Please restate the listing word for word, omitting the images.

→ Given material
+++
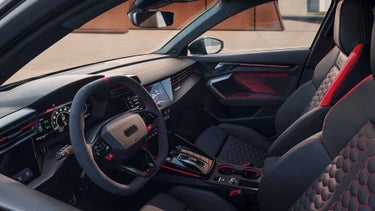 RS 3 Sportback interior
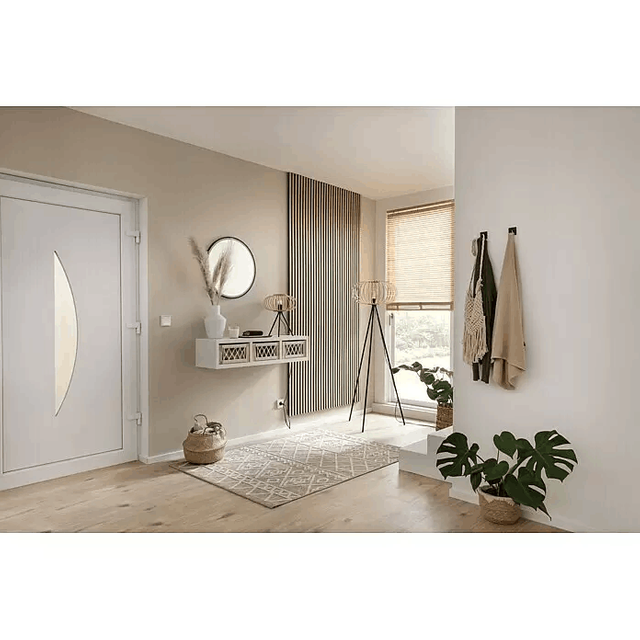 2 Pack Acoustic Wood Wall Decorative Sound Proof Panels for Walls Ceiling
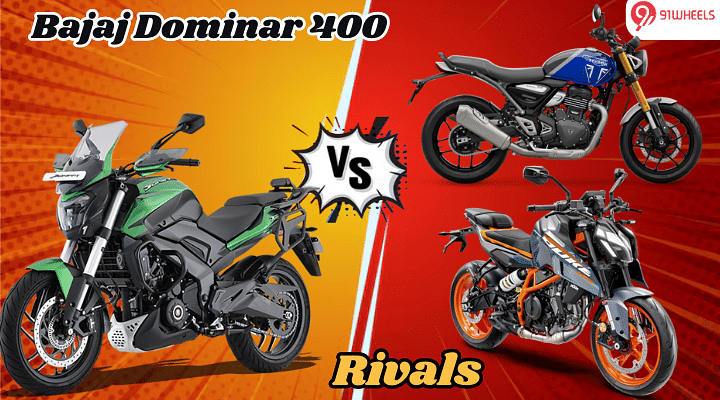 Bajaj Dominar 400 Vs Rivals: Detailed Comparison To Find The Best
+++
→ Result of the exercise
 RS 3 Sportback interior
 2 Pack Acoustic Wood Wall Decorative Sound Proof Panels for Walls Ceiling
 Bajaj Dominar 400 Vs Rivals: Detailed Comparison To Find The Best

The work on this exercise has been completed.